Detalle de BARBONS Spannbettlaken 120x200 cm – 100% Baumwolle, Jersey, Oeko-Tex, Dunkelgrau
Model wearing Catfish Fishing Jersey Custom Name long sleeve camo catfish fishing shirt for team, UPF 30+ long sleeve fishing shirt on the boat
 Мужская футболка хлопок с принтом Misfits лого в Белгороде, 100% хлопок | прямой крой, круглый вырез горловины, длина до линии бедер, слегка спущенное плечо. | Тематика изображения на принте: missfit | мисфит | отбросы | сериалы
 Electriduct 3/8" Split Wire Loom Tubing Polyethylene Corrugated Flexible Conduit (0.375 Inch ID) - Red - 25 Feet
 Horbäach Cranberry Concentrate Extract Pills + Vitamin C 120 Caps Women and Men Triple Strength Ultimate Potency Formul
_ _ _ _ _
Reproduce the records above in full, without altering a single character.

Detalle de BARBONS Spannbettlaken 120x200 cm – 100% Baumwolle, Jersey, Oeko-Tex, Dunkelgrau
Model wearing Catfish Fishing Jersey Custom Name long sleeve camo catfish fishing shirt for team, UPF 30+ long sleeve fishing shirt on the boat
 Мужская футболка хлопок с принтом Misfits лого в Белгороде, 100% хлопок | прямой крой, круглый вырез горловины, длина до линии бедер, слегка спущенное плечо. | Тематика изображения на принте: missfit | мисфит | отбросы | сериалы
 Electriduct 3/8" Split Wire Loom Tubing Polyethylene Corrugated Flexible Conduit (0.375 Inch ID) - Red - 25 Feet
 Horbäach Cranberry Concentrate Extract Pills + Vitamin C 120 Caps Women and Men Triple Strength Ultimate Potency Formul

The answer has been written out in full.